Киннан на портрете ухмыльнулся, подтверждая выводы сына… Наследник престола разъярился окончательно.
– Невеста у меня есть, – твердо объявил Роланд, заставив себя оторваться от созерцания отцовского лика. – Леди Эллинет. Завтра же я представлю ее народу Дангара как свою будущую супругу и королеву.
– Прошу прощения, мой господин, – и принц поморщился (опять вкрадчивый голос леди Глэйм бросает ему вызов) – Но вы не сможете осуществить ваше намерение.
– Неужели? – Вскинулся принц. – И кто же мне помешает? Не вы ли, сударыня?
– Ах, мне, право, жаль, если я дала вам повод так думать, ибо мой долг и самое горячее желание – быть вам полезной. Просто ваша суженая находится далеко отсюда, и, уверяю вас, это не леди Эллинет. Мне крайне неловко, что я вынуждена сообщить вам это в высшей степени неприятное известие, – велеречиво молвила женщина, повернув к наследнику престола узкое бледное лицо с легким оттенком синевы из-за расположенных слишком близко к коже вен. Длинные чуть раскосые глаза ее, густо подведенные черной тушью, сузились – темные прорези в белесой ткани лица.
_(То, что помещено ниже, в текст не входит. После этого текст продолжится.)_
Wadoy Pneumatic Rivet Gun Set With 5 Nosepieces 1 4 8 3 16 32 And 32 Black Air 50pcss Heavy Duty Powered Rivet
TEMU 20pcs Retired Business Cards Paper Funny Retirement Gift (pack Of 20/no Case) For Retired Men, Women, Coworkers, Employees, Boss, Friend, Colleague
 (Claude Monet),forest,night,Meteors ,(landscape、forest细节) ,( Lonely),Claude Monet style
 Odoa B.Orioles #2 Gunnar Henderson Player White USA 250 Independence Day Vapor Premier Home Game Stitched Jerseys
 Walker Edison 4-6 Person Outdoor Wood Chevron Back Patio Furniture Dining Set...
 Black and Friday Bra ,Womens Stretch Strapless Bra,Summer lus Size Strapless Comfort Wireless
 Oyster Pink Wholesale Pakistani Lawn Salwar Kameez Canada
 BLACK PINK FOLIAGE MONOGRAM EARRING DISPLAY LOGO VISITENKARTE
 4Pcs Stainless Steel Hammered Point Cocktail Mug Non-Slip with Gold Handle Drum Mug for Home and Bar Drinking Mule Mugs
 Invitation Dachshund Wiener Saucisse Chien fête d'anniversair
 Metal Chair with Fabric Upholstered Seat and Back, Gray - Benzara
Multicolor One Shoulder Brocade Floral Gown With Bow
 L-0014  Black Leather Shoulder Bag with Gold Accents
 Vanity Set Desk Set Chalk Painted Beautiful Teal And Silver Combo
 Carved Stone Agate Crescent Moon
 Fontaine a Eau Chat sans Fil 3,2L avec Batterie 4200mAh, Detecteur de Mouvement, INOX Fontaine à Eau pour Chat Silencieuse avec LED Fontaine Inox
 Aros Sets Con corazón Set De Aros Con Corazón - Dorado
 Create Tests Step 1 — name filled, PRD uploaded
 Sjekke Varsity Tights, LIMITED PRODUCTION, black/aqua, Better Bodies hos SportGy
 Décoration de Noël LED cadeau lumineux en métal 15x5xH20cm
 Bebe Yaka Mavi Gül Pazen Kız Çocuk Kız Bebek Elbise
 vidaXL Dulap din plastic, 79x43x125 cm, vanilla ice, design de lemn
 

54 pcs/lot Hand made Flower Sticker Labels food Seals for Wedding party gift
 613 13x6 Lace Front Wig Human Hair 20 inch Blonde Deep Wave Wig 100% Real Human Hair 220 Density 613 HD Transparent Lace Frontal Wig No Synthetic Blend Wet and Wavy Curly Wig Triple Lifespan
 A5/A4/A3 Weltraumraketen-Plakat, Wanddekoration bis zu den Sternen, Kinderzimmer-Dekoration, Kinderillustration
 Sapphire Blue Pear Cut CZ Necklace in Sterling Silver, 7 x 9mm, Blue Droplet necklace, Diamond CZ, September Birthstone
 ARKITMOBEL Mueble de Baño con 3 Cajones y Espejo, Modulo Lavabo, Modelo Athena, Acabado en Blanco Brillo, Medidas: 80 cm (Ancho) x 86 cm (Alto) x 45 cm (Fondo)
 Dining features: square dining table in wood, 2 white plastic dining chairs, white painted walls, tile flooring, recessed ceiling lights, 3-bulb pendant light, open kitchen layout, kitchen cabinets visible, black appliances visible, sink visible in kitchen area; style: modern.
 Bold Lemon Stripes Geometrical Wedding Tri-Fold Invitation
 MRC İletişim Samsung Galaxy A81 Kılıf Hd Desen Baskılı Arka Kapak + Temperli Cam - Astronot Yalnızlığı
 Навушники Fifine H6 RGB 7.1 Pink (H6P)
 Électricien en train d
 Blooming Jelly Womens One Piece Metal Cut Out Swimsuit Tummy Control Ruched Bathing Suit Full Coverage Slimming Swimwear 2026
От такой наглости Роланд лишился дара речи. Пока он собирался с мыслями, намереваясь поставить советницу на место, та взяла с подставки под портретом черный кованый ларец. Внутри на алом бархате лежал пергаментный свиток, запечатанный багровой печатью и опутанный сияющими нитями таким образом, будто его обернули в паутину.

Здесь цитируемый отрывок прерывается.